Reading custom binary file - really slow
Hi there,
I have to import an unusual filetype into Igor pro, from some electrophysiological hardware. The datafile format is a little odd - it has 1024 bytes of header info in ASCII, followed by binary with multiple records parsed into the following chunks:
- One little-endian int64 timestamp (actually a sample number; this can be converted to seconds using the sampleRate variable in the header)
- One little-endian uint16 number (N) indicating the samples per record (always 1024, at least for now)
- One little-endian uint16 recording number (version 0.2 and higher)
- 1024 big-endian int16 samples
- 10-byte record marker (0 1 2 3 4 5 6 7 8 255)
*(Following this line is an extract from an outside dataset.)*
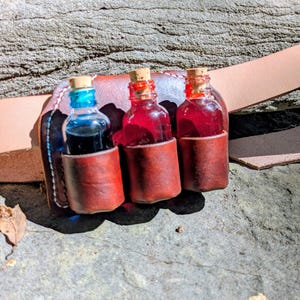 Puede incluir: Un cinturón de cuero marrón con un accesorio de funda que sostiene tres botellas de vidrio pequeñas. Las botellas están selladas con tapones de corcho y contienen líquidos en tonos vibrantes de azul, rojo brillante y un rojo más oscuro.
I've been using FBinRead to bring the data into Igor 64 (in Igor 7). My two strategies have been to load in the actual data into separate waves of chunks of 1024, or to import the entire file and then delete the points that don't include data (code below). Both methods are painfully slow - the former takes around 7.5 minutes to load ~900 seconds of data (30kHz samplng) while the latter takes around the same amount of time. Loading the whole binary file (including unwanted info) takes around one second, so the lost time is the massive number of repeated wave operations. Is there a clever way of speeding this up? If it were only 7.5 mins per experiment, it would be fine, but that is for a single channel and my experiment records 64 channels at a time, so I'm looking at about 7 hours to import an experiment...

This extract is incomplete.